Philipper

Predigthilfe vom 11.2.2007 – Philipper 1, 18-26

Monatsthema: Gott schafft neues, indem er…
Predigtthema: … mit Hoffnung erfüllt

Bibelstelle: Philipper 1, 18-26

Verfasser: Eckhard Löffler

Vorbemerkungen
V 18 wird erst durch die Verse davor verständlich. Die Verkündigung, das „Vornedranstehen“, anderen den Weg weisen, gern gehört zu werden können auch eine persönliche Machtstellung vermitteln. Macht kann süchtig machen.
Paulus war die Weitergabe des Evangeliums (V 14 „das Wort reden“) wichtiger als sein eigenes Wohlbefinden. Das war nicht unbedingt unter allen Brüdern üblich.

Texterklärungen
V 18 Christus verkündigen auf JEDE Weise…, auch wenn die Motive nicht immer ganz lauter sind. (1)
Wenn die Verkündigung inhaltlich stimmt, wird Gottes Wort nicht leer zurückkommen (Jes 55, 11).
Grund zur Freude!
Wer das Evangelium „aus Liebe“ zu den Verlorenen (V 16) weitergibt, wird allerdings auch persönliche Märtyrersituationen, sogar den Tod einkalkulieren müssen.

V 18b.19 Paulus freut sich auch auf das Kommende – obwohl seine Gefangenschaft mit einer Hinrichtung enden könnte.
Paulus nutzt zwei Gehstützen: Die „Gebete“ der Geschwister und den „Beistand des Geistes Jesu“. (2) Gott kann alles heilen (Rö 8, 28), heute und in Ewigkeit (Offb 21). Im AT verstand man das ganz praktische, alltägliche Eingreifen Gottes als Heil und Rettung. Im NT erhält Heil das Gewicht ewiger Erlösung. Damit ist das alte Verständnis nicht überholt. Gott kann in jeder aktuellen Situation eingreifen und Heil schenken.
Braucht Gott, der Allmächtige, unsere Gebete, um helfen zu können? Er ist allerdings nicht der Gott aller anderen Religionen, der souverän schaltet und waltet, sondern sucht das Miteinander – am deutlichsten durch Jesus Christus.
Hans von Keler (Landesbischof i. R.): „Gebet ersetzt keine Tat. Aber Gebet ist eine Tat, die durch nichts ersetzt werden kann.“
Jesus ermuntert zum Bitten, Suchen und Anklopfen (Mt 7, 7f) und verspricht Erhörung. Gott sucht das Liebesverhältnis zu Menschen, die nicht zweckgebunden beten, sondern Seine Ehre suchen.
Der „Beistand des Geistes“ erinnert an seinen Vertretungsdienst vor Gott (Rö 8, 26.34).
Der Text liefert auch einen Hinweis auf die Dreieinigkeit Gottes.
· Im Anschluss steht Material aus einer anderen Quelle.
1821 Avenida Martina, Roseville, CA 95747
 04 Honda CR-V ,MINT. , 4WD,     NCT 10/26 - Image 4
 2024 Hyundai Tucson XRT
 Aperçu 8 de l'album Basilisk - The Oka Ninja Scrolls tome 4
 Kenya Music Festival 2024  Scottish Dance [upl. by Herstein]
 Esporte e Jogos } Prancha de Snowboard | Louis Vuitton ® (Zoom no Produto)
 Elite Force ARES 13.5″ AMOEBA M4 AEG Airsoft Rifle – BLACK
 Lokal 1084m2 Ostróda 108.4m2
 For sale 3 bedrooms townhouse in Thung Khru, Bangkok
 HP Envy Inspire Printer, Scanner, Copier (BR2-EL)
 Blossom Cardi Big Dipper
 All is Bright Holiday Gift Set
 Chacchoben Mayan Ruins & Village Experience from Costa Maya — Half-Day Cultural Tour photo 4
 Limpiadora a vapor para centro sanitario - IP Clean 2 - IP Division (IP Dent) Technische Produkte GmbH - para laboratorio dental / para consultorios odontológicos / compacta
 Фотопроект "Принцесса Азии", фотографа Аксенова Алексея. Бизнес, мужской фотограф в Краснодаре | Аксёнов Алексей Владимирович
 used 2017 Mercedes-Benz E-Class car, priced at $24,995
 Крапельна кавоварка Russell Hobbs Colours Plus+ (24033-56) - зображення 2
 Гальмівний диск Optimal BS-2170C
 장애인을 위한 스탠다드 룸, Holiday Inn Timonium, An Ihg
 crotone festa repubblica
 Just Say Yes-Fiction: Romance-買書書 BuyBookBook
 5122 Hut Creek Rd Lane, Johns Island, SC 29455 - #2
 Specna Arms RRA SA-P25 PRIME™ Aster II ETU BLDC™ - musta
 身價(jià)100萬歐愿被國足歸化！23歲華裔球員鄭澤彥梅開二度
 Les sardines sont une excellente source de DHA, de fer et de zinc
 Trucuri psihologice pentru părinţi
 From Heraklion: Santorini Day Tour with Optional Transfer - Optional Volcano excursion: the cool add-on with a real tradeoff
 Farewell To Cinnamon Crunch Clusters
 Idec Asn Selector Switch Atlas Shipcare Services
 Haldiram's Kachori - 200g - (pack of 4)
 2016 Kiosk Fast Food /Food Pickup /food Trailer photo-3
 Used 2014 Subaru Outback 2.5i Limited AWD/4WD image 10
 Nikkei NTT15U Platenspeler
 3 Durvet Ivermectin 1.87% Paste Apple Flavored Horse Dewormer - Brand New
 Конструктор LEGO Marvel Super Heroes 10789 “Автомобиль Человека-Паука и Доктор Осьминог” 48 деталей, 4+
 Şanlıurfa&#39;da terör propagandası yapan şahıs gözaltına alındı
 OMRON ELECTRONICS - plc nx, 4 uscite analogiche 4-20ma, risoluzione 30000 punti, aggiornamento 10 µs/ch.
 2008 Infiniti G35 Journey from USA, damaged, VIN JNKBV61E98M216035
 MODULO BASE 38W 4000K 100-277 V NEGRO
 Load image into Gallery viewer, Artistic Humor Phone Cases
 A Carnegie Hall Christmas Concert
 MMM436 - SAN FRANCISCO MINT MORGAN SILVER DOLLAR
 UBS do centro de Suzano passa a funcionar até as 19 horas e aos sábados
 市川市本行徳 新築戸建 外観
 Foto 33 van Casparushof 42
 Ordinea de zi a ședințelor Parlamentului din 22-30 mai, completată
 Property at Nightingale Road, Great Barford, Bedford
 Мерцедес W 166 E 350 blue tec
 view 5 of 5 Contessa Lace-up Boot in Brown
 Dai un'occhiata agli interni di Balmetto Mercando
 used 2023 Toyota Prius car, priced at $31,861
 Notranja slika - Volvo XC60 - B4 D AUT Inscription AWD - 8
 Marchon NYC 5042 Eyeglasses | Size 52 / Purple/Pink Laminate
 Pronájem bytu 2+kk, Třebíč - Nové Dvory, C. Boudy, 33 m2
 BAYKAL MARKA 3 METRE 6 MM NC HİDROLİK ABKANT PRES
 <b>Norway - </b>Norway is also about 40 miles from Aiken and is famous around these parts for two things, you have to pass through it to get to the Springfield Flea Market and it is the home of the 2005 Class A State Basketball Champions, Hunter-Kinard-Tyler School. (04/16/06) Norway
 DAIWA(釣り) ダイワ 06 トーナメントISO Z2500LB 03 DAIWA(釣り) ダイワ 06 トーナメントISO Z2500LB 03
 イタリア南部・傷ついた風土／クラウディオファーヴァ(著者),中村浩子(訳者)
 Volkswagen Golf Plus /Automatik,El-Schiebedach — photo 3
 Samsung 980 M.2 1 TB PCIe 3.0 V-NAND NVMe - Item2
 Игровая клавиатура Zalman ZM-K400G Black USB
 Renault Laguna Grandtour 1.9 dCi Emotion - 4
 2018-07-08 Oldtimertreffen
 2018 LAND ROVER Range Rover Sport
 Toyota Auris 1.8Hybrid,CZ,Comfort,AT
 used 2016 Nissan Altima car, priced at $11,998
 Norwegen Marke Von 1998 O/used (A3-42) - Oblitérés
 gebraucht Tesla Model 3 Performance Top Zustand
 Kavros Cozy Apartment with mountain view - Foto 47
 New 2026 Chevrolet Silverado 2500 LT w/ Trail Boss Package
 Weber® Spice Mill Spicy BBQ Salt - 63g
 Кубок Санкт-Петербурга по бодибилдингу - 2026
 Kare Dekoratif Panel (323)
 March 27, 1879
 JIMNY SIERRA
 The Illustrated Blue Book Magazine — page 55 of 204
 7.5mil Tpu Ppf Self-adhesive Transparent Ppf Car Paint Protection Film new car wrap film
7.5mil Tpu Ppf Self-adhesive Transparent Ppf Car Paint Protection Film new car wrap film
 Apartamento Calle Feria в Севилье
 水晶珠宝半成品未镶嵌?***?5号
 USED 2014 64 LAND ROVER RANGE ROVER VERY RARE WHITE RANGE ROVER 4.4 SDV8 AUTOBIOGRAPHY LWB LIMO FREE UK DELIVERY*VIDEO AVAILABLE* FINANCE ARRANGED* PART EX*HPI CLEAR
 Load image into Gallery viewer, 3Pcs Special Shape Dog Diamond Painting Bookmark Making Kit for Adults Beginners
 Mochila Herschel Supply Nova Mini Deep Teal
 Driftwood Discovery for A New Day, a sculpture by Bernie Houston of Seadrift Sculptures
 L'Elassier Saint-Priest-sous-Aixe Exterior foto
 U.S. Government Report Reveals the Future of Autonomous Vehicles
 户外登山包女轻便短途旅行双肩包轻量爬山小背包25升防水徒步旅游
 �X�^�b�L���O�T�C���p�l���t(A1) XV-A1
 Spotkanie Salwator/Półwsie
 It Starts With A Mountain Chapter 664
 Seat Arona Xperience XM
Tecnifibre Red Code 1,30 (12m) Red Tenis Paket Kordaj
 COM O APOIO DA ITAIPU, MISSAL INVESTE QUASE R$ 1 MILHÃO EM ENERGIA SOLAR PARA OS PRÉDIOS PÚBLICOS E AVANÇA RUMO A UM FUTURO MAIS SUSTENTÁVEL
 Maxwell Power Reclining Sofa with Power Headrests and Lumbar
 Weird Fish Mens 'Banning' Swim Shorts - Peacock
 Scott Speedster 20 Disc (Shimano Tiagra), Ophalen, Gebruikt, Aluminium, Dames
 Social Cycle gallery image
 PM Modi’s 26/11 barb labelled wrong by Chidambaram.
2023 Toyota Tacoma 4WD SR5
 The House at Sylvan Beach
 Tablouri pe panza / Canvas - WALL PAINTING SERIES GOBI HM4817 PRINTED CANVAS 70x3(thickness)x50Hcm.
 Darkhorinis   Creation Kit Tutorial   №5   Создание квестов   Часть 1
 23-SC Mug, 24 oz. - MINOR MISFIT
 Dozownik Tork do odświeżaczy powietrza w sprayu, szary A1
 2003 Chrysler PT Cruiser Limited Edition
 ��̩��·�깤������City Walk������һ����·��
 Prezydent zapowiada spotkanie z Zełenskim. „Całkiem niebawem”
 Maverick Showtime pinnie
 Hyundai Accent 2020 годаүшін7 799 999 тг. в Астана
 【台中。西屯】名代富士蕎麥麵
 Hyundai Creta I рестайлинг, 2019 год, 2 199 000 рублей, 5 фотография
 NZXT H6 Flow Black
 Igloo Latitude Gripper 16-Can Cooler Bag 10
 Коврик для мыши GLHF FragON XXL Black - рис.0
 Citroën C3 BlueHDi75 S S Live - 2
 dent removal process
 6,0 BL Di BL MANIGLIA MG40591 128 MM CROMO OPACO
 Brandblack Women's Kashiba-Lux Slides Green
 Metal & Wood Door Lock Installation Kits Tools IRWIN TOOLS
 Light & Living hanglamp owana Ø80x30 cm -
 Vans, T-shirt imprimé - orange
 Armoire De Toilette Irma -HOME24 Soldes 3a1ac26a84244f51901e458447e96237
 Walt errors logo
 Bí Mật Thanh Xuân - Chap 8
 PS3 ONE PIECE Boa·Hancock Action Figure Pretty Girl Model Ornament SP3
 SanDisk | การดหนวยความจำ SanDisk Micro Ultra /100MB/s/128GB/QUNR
V 20 Ein Prozess vor Gericht steht bevor. Paulus will trotzdem „einzig und allein“ an Jesus hängen, ob im Leben oder im Tod. (3) „Wenn nur Christus…„ (V 18).
„In sehnlicher Erwartung und Hoffnung“ (Elberfelder) beschreibt auch die gespannte Erwartung eines Tiers, das den Hals in die Richtung streckt, in die es begehrend oder verängstigt blickt.

V 21 s. a. Gal 2, 20.

V 22 Eine größere Chance für das Evangelium verbindet Paulus mit seinem eventuellen Weiterleben. Die Länge seines Lebens war ihm zweitrangig. (4)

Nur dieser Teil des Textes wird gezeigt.